Ensure that communication is enabled between the Cloud Data Fusion instance and the SAP server. For private instances, set up network peering. After network peering is established with the project where the SAP Systems are hosted, no additional configuration is required to connect to your Cloud Data Fusion instance. Both the SAP system and Cloud Data Fusion instance need to be inside of the same project.

Step 1: Set up your Cloud Data Fusion environment

To configure your Cloud Data Fusion environment for the plugin:

  1. Go to the instance details:

    1. In the Google Cloud console, go to the Cloud Data Fusion page.

    2. Click Instances, and then click the instance's name to go to the Instance details page.

      Go to Instances

  2. Check that the instance has been upgraded to version 6.4.0 or later. If the instance is in an earlier version, you need to upgrade it.

  3. Click View instance. When the Cloud Data Fusion UI opens, click Hub.

  4. Select the SAP tab > SAP OData.

    If the SAP tab is not visible, see Troubleshooting SAP integrations.

  5. Click Deploy SAP OData Plugin.

    The plugin now appears in the Source menu on the Studio page.

    OData in the Source menu on the Data Fusion Studio page

Step 2: Configure the plugin

The SAP OData plugin reads the content of an SAP DataSource.
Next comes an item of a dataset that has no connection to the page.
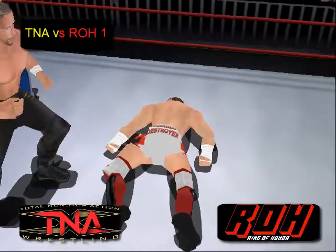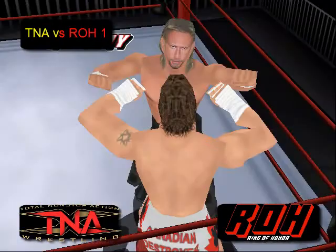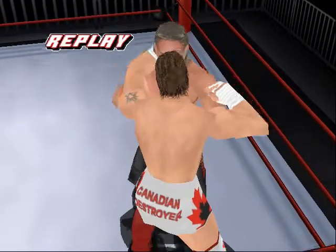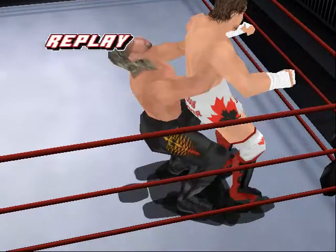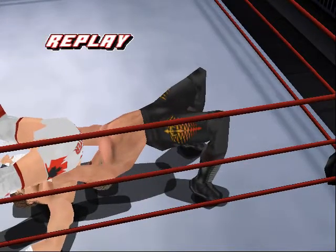The veteran able to get the better of these two youngsters here in the match. On the replay, you see Petey Williams trying to make the grapple, Jerry Lynn able to block it, go behind, and then the nice German suplex — nice bridge — able to get the one, two, three. Jerry Lynn wins the opening match here at TNA versus ROH 1.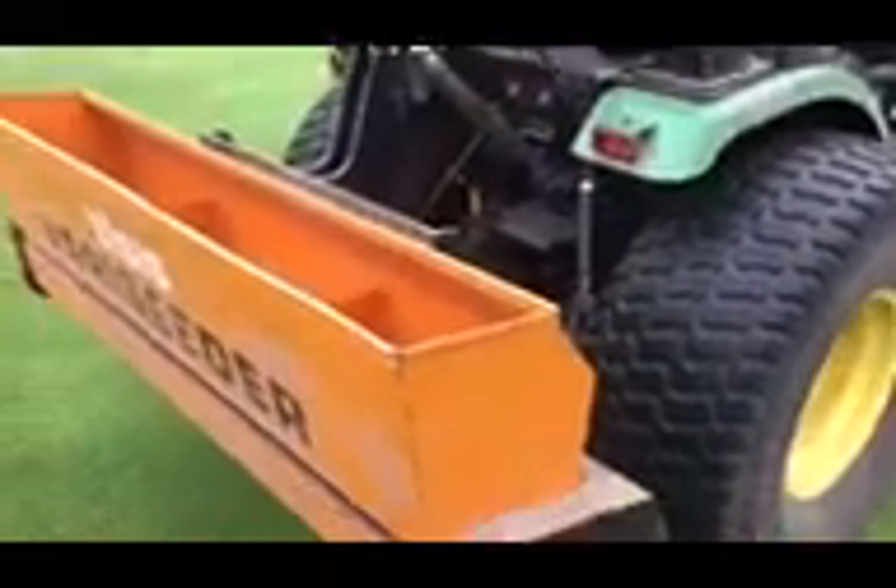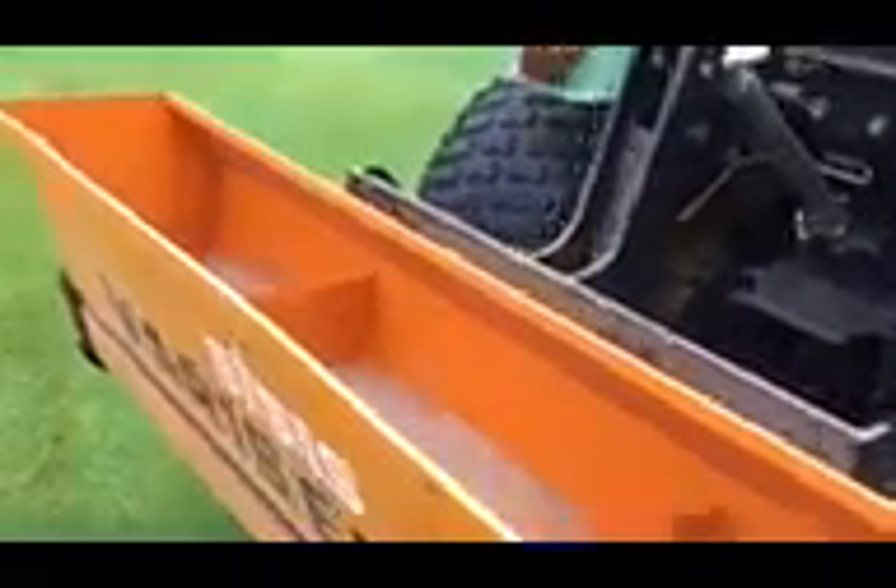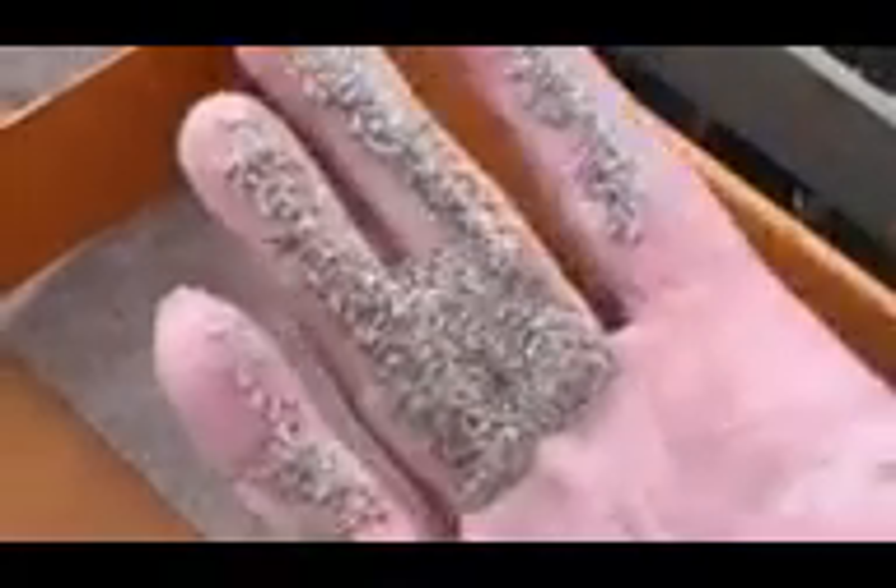This week we're doing our first over seed of the year. We are using a fine leaf or bent seed. As you can see, the seed is really, really fine, so you won't see it sitting on the green surface.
To filter the records, you can configure the following properties on the SAP OData Properties page.

Property name Description
Basic
Reference Name Name used to uniquely identify this source for lineage or annotating metadata.
SAP OData Base URL SAP Gateway OData Base URL (use the complete URL path, similar to https://ADDRESS:PORT/sap/opu/odata/sap/).
OData Version Supported SAP OData version.
Service Name Name of the SAP OData service from which you want to extract an entity.
Entity Name Name of the entity that is being extracted, such as Results. You can use a prefix, such as C_PurchaseOrderItemMoni/Results. This field supports Category and Entity parameters. Examples:
  • A parameter for Category: C_PurchaseOrderItemMoni(P_DisplayCurrency='USD')/Results
  • A parameter for Entity: C_PurchaseOrderItemMoni/Results('.1~4500000000.2~00010-PUSD')
  • A parameter for Category and Entity: C_PurchaseOrderItemMoni('USD')/Results('.1~4500000000.2~00010-PUSD')
Credentials*
SAP Type Basic (via Username and Password).
SAP Logon Username SAP Username
Recommended: If the SAP Logon Username changes periodically, use a macro.
SAP Logon Password SAP User password
Recommended: Use secure macros for sensitive values, such as passwords.
SAP X.509 Client Certificate
(See Using X.509 Client Certificates on SAP NetWeaver Application Server for ABAP.
GCP Project ID A globally unique identifier for your project. This field is mandatory if the X.509 Certificate Cloud Storage Path field does not contain a macro value.
GCS Path The Cloud Storage bucket path that contains the user-uploaded X.509 certificate, which corresponds to the SAP application server for secure calls based on your requirements (see the Secure the connection step).
Passphrase Passphrase corresponding to the provided X.509 certificate.
Get Schema button Generates a schema based on the metadata from SAP, with automatic mapping of SAP data types to corresponding Cloud Data Fusion data types (same functionality as the Validate button).
Advanced
Filter Options Indicates the value a field must have to be read. Use this filter condition to restrict the output data volume. For example: `Price Gt 200` selects the records with a `Price` field value greater than `200`. (See Get a list of filterable columns for an SAP catalog service.)
Select Fields Fields to be preserved in the extracted data (for example: Category, Price, Name, Supplier/Address).
Expand Fields List of complex fields to be expanded in the extracted output data (for example: Products/Suppliers).
Number of Rows to Skip Total number of rows to skip (for example: 10).
Number of Rows to Fetch Total number of rows to be extracted.
Number of Splits to Generate The number of splits used to partition the input data. More partitions increase the level of parallelism, but require more resources and overhead.
If left blank, the plugin chooses an optimal value (recommended).
Batch Size Number of rows to fetch in each network call to SAP. A small size causes frequent network calls repeating the associated overhead. A large size might slow down data retrieval and cause excessive resource usage in SAP. If the value is set to 0, the default value is 2500, and the limit of rows to fetch in each batch is 5000.
Read Timeout The time, in seconds, to wait for the SAP OData service. The default value is 300. For no time limit, set to 0.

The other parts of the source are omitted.